Nagi himself does not go to Bab Al-Bahr. Instead, he knows someone who goes there to get cigarettes for a group of people in a messaging group. “Every week, each of us places our requests. He makes individual replies with the expected price but doesn’t commit to it as things can change fast,” Nagi said.

Once he has the packs, there are two ways to deliver. The most common is for the contact to send someone to deliver them and give the price as finally indicated in a private message plus the contact’s rate, usually five to 10 per cent of the parcel’s cost plus a tip for the delivery person at “a flat rate of LE50”.

All this can take the price of a pack of cigarettes to over 90 per cent above its official price.

For this group of mostly well-off people, it is worth their while given that their contact, unlike those of some other groups, has never failed to deliver the required brands in the required quantities.

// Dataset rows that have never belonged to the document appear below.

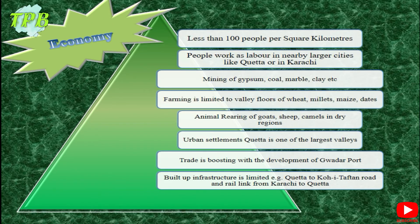For the economy of the Balochistan Plateau, the population is very low — less than 100 people per square kilometer. Reasons include inhospitable terrain, very low fresh water reserves, and difficult climate. People often work as labor in nearby larger cities like Quetta or move to Sindh to work in industries in Karachi. The land is rich in minerals — mining of gypsum, coal, marble, clay, and shale is common. Farming is limited to valley floors, growing wheat, millets, maize, and dates, mostly for subsistence.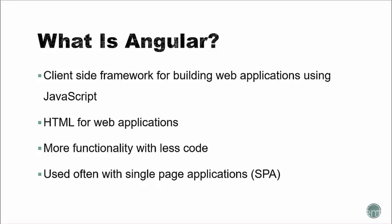Angular is often used to build single-page applications or SPAs, and these are applications that load a single HTML page and then dynamically update the page or parts of the page that interact with the application. This gives the user a much more fluid experience.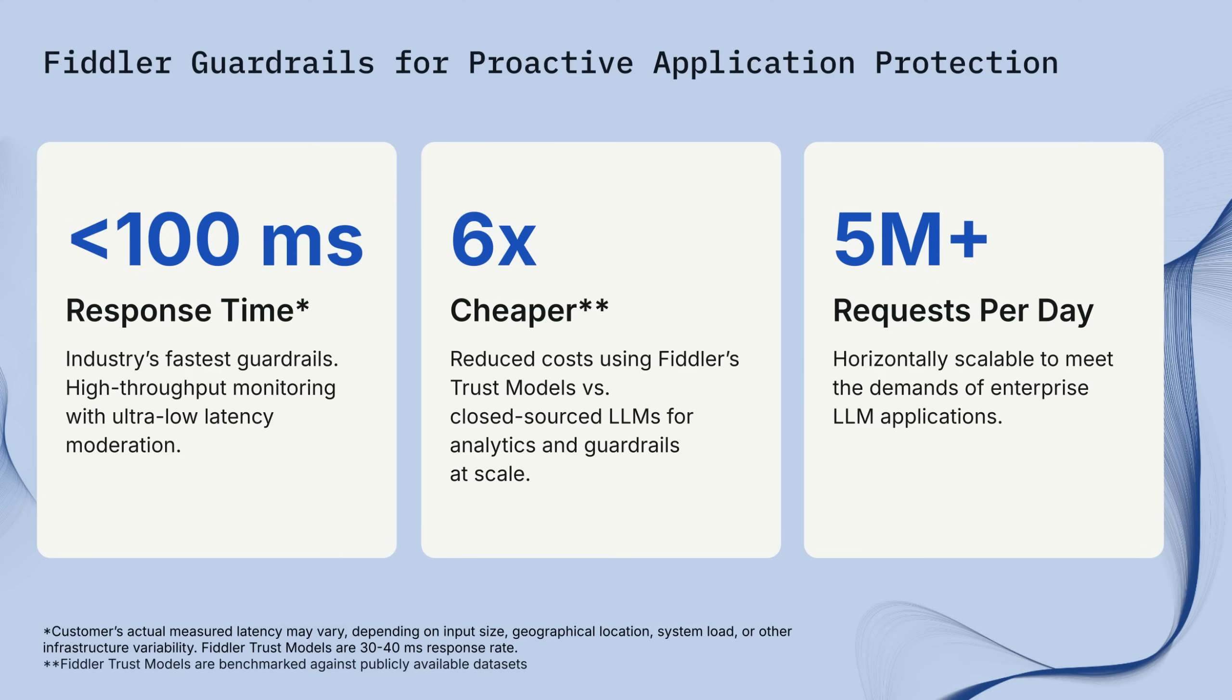It's more cost-effective than alternative solutions, handles over 5 million daily requests, and can be deployed in your secure cloud or VPC environment.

“Obviously this means he pays his way through the black market,” Nagi said.

REPLACEMENTS

Maher, a Cairo banker, has had to replace his daily intake of one pack of a famous US brand with another brand produced by a mostly Japanese-owned company.

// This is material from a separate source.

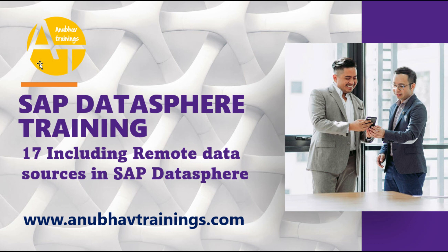Hello and welcome back everyone to the next episode on SAP Datasphere training. In the last episode, we learned about connecting our SAP Datasphere account with HANA Cloud.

“It is odd that there are specific brands that are suffering the most from shortages. These include Cleopatra, the most famous Egyptian cigarette, and some other brands that are very popular in Egypt and that are produced through the same company,” he said.

According to Maher, it is equally odd that the increased prices include brands that are not particularly popular among Egyptian smokers and are consumed as substitutes for preferred brands.

“The prices go up and down and then up again. Since the crisis started a few months ago, they have kept saying that the prices will stabilise, but this has never happened,” he said.

For Maher, Nagi, Mahmoud and other smokers who shared their woes on the cigarette crisis, there is also something odd about this happening in a country that has had a cigarette industry for a very long time.

It was sometime in the early decades of the 17th century that tobacco first found its way to Egypt, and the planting of tobacco was established in the country by the early 19th-century ruler Mohamed Ali.

Later, the khedive Tawfik decided to suspend its planting, since this had never really produced prime-quality tobacco due to the climate, to allow for the expansion of cotton. However, by that time there was already an established industry of cigarette-making that was dominated by Armenians and Greeks living in Egypt.

It took a while for smoking cigarettes to pick up with Egyptians, but by the late 19th century it was a habit adopted by many. King Fouad ordered the launch of the Eastern Company for Cigarettes and Tobacco in July 1920, and this eventually brought together several manufacturers.